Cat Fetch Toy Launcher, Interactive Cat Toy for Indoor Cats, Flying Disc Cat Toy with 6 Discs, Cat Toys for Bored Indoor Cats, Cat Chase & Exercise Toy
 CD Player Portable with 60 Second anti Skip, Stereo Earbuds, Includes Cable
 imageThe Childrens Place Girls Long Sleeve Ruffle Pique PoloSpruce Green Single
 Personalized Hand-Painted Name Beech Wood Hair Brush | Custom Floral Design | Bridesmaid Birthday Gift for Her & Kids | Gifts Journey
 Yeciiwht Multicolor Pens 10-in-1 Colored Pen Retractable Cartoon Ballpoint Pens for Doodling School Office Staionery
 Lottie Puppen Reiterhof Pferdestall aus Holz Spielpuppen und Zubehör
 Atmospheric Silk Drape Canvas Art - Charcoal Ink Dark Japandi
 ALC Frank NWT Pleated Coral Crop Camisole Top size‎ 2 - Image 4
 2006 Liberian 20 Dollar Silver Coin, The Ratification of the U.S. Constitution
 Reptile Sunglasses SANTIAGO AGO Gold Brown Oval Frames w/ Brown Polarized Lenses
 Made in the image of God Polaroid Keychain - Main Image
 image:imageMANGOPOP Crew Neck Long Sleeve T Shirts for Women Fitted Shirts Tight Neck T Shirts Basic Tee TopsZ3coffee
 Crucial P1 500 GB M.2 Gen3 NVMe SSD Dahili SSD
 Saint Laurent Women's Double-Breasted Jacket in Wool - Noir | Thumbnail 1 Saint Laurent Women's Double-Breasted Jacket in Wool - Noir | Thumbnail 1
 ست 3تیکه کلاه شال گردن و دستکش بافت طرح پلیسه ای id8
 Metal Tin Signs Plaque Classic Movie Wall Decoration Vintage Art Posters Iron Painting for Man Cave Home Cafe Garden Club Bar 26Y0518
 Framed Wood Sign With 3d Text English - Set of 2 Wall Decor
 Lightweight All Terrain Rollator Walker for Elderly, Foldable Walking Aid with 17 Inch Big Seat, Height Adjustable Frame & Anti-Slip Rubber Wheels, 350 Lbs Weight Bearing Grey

▶ [What to produce]:
Your response should consist solely of the lines from the one containing "image:imageMANGOPOP Crew Neck" to the end of the entries, both ends included, exactly as they appear.

▶ [Solution to the exercise]:
 image:imageMANGOPOP Crew Neck Long Sleeve T Shirts for Women Fitted Shirts Tight Neck T Shirts Basic Tee TopsZ3coffee
 Crucial P1 500 GB M.2 Gen3 NVMe SSD Dahili SSD
 Saint Laurent Women's Double-Breasted Jacket in Wool - Noir | Thumbnail 1 Saint Laurent Women's Double-Breasted Jacket in Wool - Noir | Thumbnail 1
 ست 3تیکه کلاه شال گردن و دستکش بافت طرح پلیسه ای id8
 Metal Tin Signs Plaque Classic Movie Wall Decoration Vintage Art Posters Iron Painting for Man Cave Home Cafe Garden Club Bar 26Y0518
 Framed Wood Sign With 3d Text English - Set of 2 Wall Decor
 Lightweight All Terrain Rollator Walker for Elderly, Foldable Walking Aid with 17 Inch Big Seat, Height Adjustable Frame & Anti-Slip Rubber Wheels, 350 Lbs Weight Bearing Grey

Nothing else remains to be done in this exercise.